Copy the data below exactly. Any pictures in it should be omitted.

◆ MATERIAL PROVIDED:
--

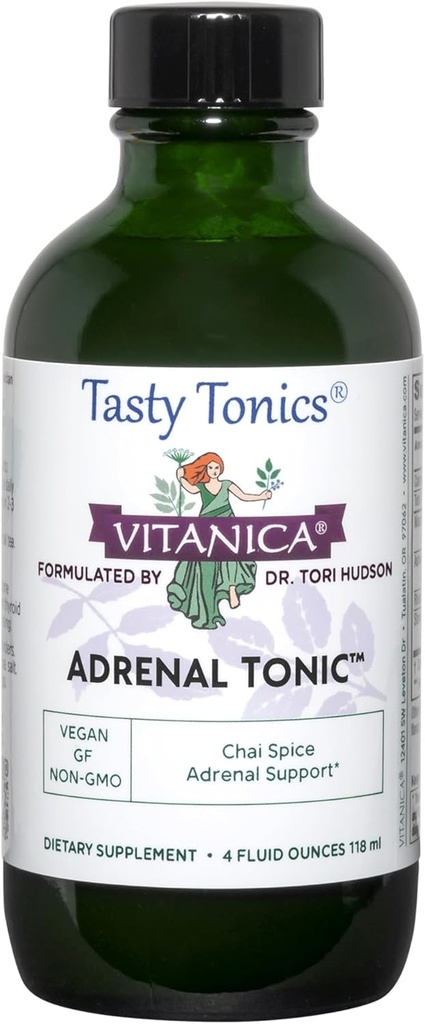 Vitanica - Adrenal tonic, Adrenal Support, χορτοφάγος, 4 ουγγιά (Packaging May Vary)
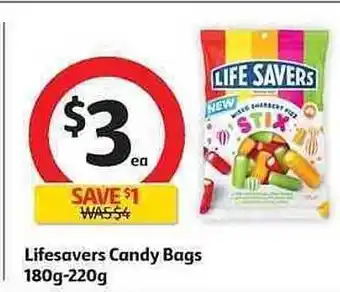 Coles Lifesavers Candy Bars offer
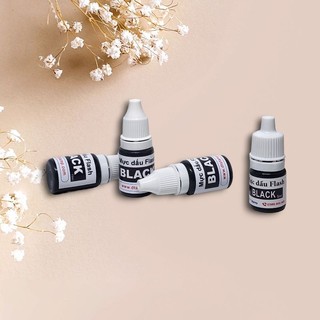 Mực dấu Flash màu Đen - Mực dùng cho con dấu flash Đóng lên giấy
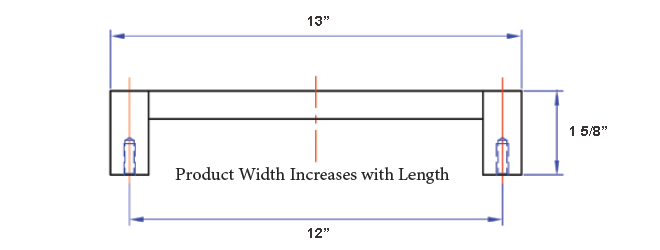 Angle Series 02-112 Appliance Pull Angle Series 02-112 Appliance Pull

--

◆ YOUR SOLUTION:
 Vitanica - Adrenal tonic, Adrenal Support, χορτοφάγος, 4 ουγγιά (Packaging May Vary)
 Coles Lifesavers Candy Bars offer
 Mực dấu Flash màu Đen - Mực dùng cho con dấu flash Đóng lên giấy
 Angle Series 02-112 Appliance Pull Angle Series 02-112 Appliance Pull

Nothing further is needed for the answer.